John Wobensmith - CFO
Yes, I think -- look, the financing market is still tight, and I don't think you can do the large syndicated transactions that you were able to do two years ago. But, clearly, we -- you have to look at the S1 for Baltic and look at what we've done there on the financing side. Again, I don't want to get into too much detail on that. But financing is available for select companies.
Scott Burk - Analyst
Okay, and actually I did have a question regarding Genco's relationship to Baltic. What is the -- is there kind of a right of first refusal for Genco? In other words, when you have an acquisition opportunity that surfaces, who gets the first look at that acquisition -- Genco or Baltic?
John Wobensmith - CFO
Scott, this is just getting too much into Baltic. So I'm going to ask you just to look at the public filing and the S1, and all of that is detailed.
Scott Burk - Analyst
Okay, all right, thanks. I have not looked through that filing yet. Let me ask you this -- we've seen a bit of improvement in rates since the end of the Chinese New Year. Do you expect more upside going into iron ore -- before iron ore prices increase in April? Or what's the near-term outlook for day rates from your perspective?
John Wobensmith - CFO
Things are a little slow right now.
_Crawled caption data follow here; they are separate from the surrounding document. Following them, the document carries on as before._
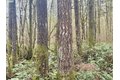 Additional image 3 of 298 Boone Rd, Toledo, WA, 98591
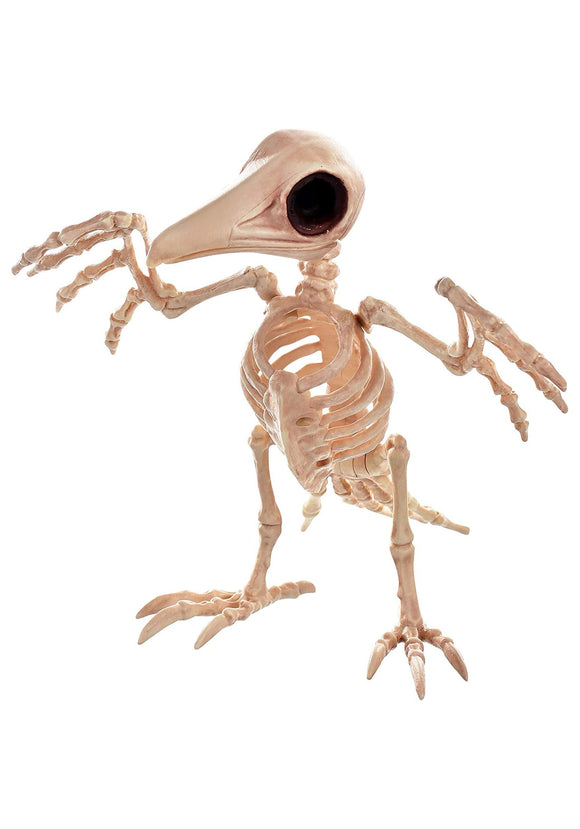 10.5-Inch Creepy Raven Skeleton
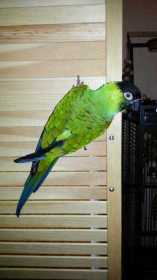 Lost Nanday / Black-Hooded Parakeet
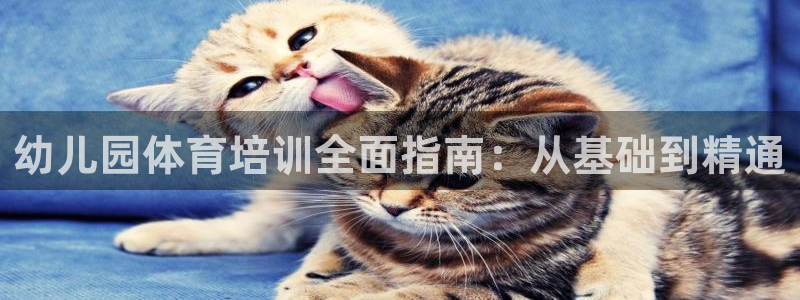 尊龙集团官网：幼儿园体育培训全面指南：从基础到精通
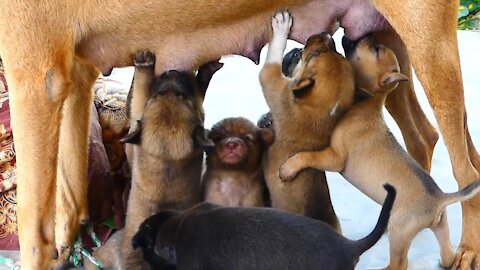 Amazing to watch and so Adorable baby puppies stand up sucking mother's milk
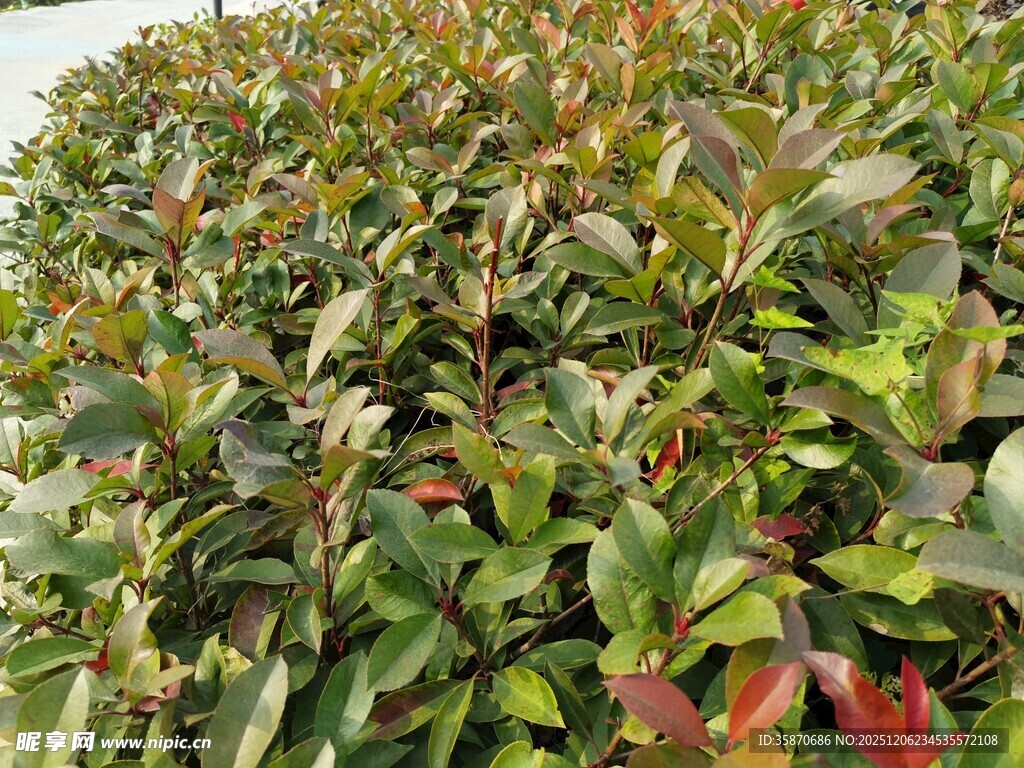 绿叶红边的繁茂灌木丛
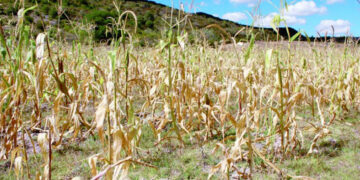 Aumentará costo del maíz: productores
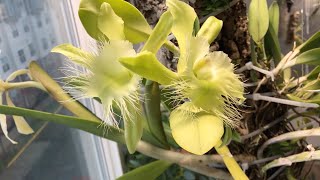 Rhyncholaelia digbyana double flowered spike Catasetinae buds orchids during Thanksgiving 2024 [upl. by Haggi]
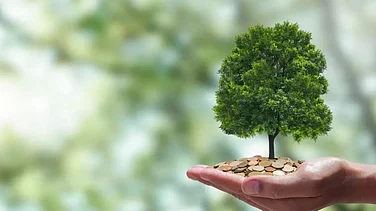 Whether it’s Finance, Technology, or Inclusion, Nothing Works Unless the Farmer Clearly Sees “What’s in it for me?”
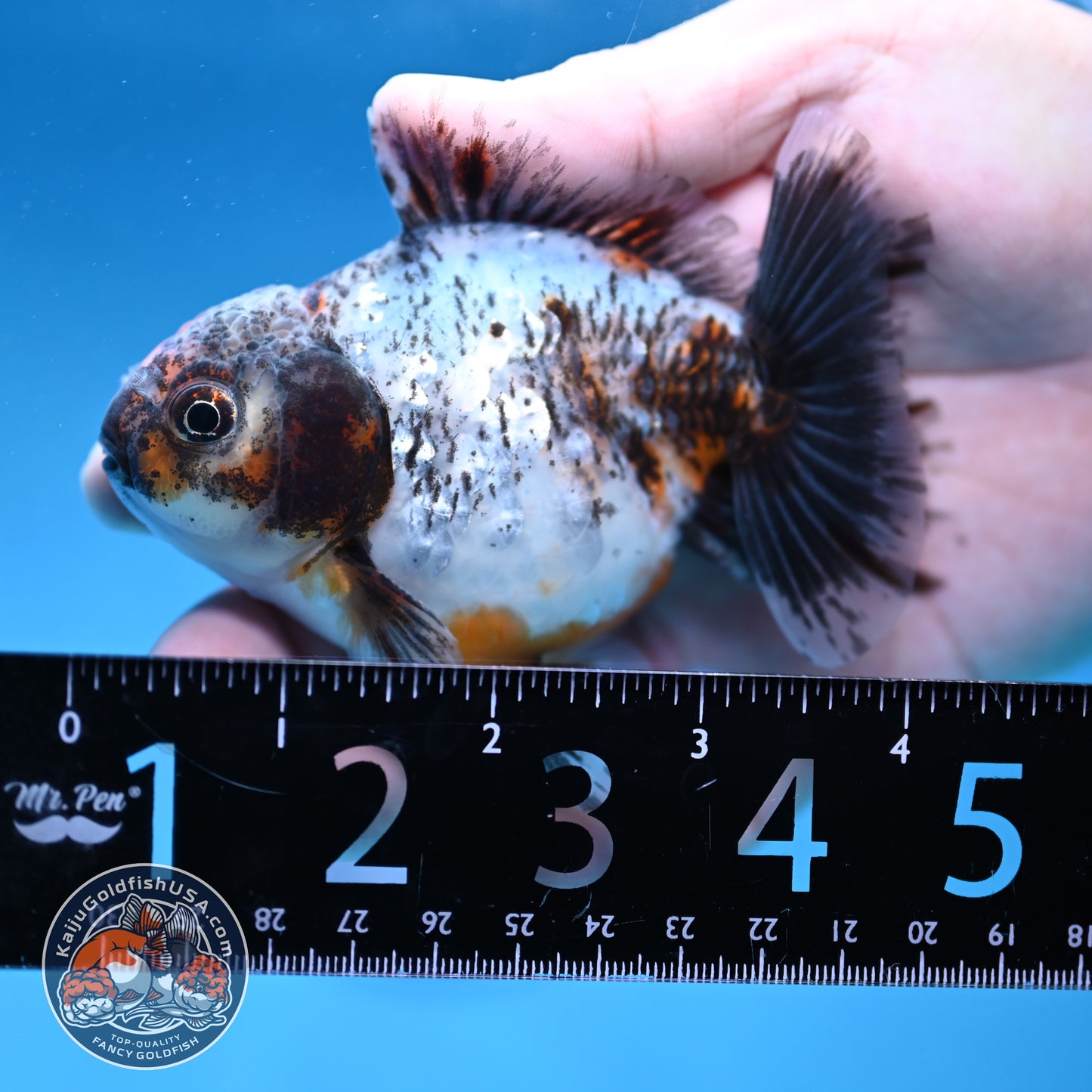 Juvenile Shogun Calico Oranda 3.5 inch Body (251017_OR20)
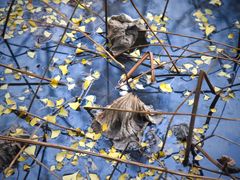 -四川大学(华西校区)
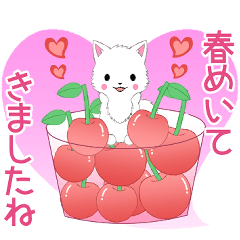 [LINEスタンプ] ちび白モフ16【春】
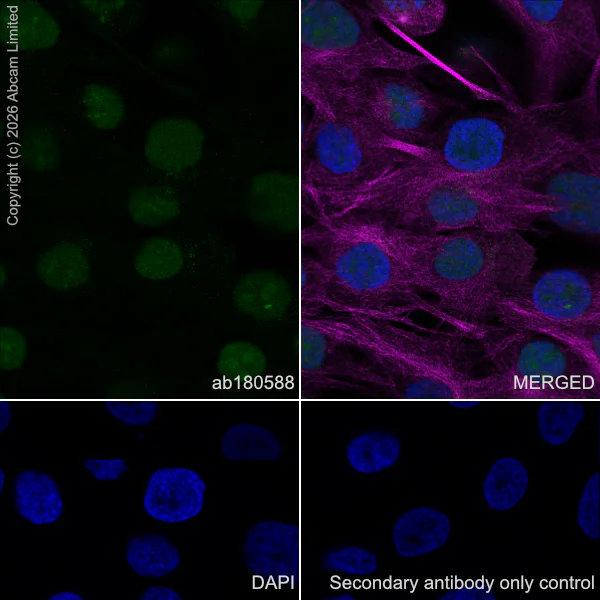 Immunocytochemistry/ Immunofluorescence - Goat Anti-Rabbit IgG H&L (Alexa Fluor® 488) preadsorbed (AB150081)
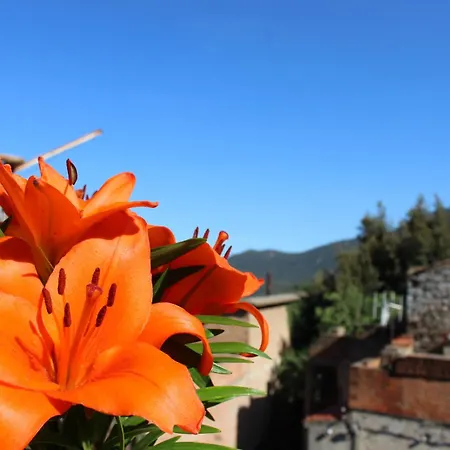 公寓 Casa Rosi Villagrande Strisaili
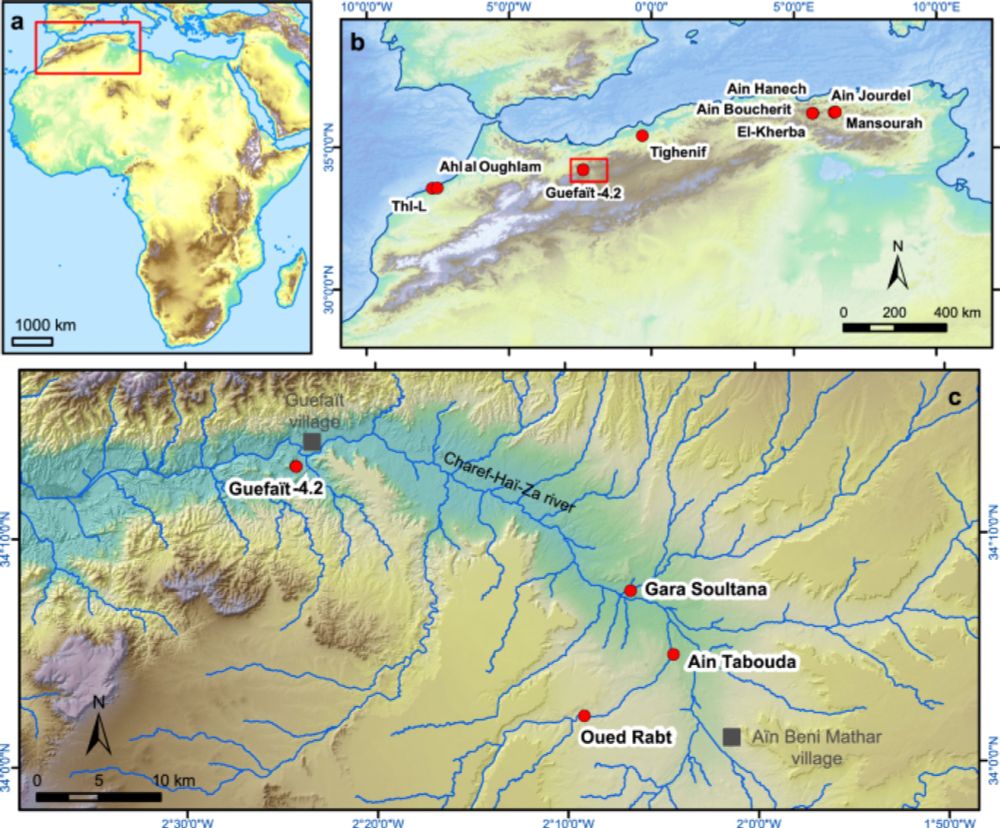 Arid, mosaic environments during the Plio-Pleistocene transition and early hominin dispersals in northern Africa - Nature Communications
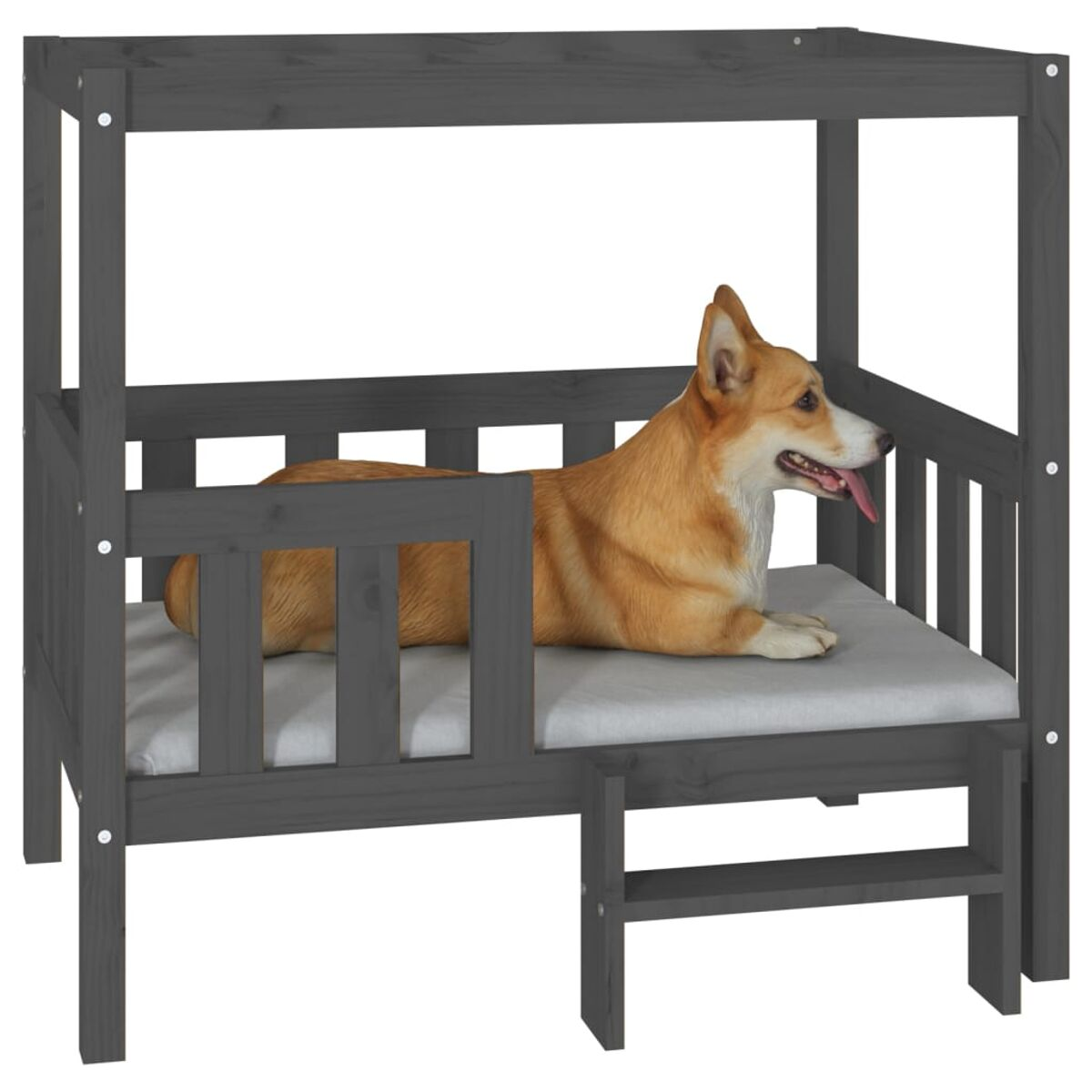 Hund liegt in einem grauen Holzbett mit kleiner Stufe, im Raum.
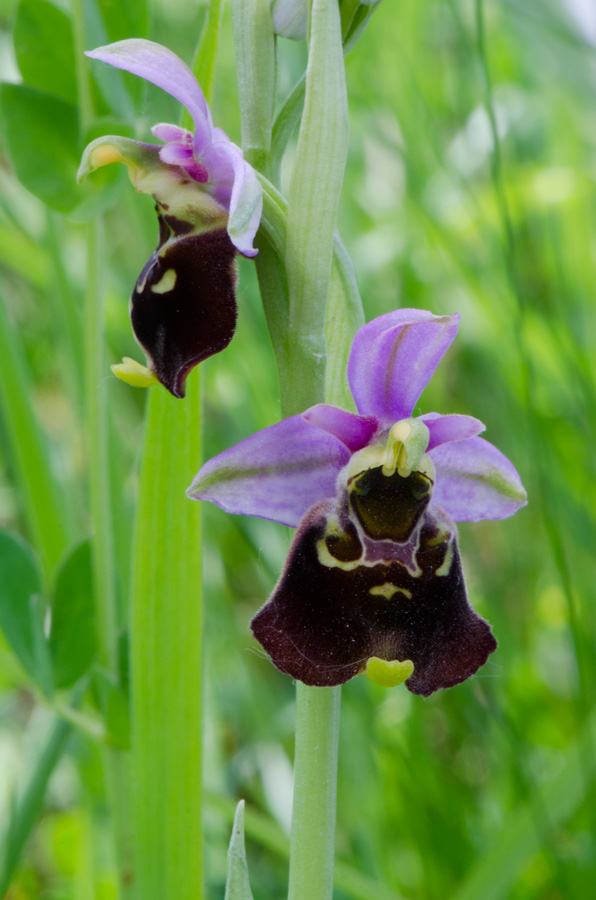 Offemburg-Parco-Taubergiessen-21-05-2015-007.jpg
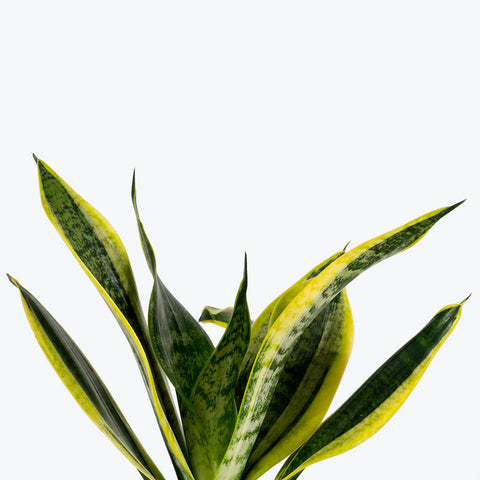 Sansevieria Futura Superba
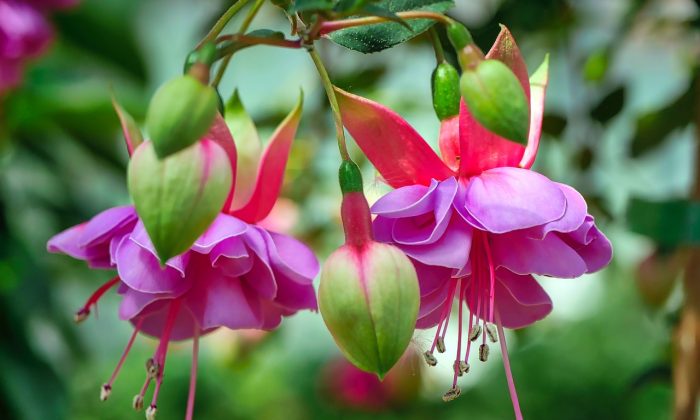 fuchsie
I think -- well, look, we anticipate rates to pick back up. I think if you go back, and you look historically, this first quarter tends to be a little slower period for iron ore and usually picking up in the second quarter. I don't see any reason why we wouldn't see that again.
Operator
Daniel Burke, Clarkson Johnson Rice.
Daniel Burke - Analyst
I actually just had one question left. Looking at the orderbook, we've also been scrutinizing the role that options might be played. Any sense on what portion of the publicly reported orderbooks, as you guys look at them, might consist of options rather than true newbuild commitments?
John Wobensmith - CFO
I can't put a number on it. I think it's very difficult, and it's unfortunate, but it is. And you don't really figure this out until you get up to when the options were supposed to be exercised, and then they fall away. I think it's tough.
Daniel Burke - Analyst
Okay, John. Maybe one other way to parse it -- another way I can think of parsing it would be do you think it's more prevalent in the larger sizes or the small sizes, or is it even tough to look at it that way at this point?
John Wobensmith - CFO
I think it's across the board.
Operator
Ladies and gentlemen, that will conclude today's question-and-answer session and also will bring us to the conclusion of today's conference. We do thank you for your participation. Everyone please have a wonderful day.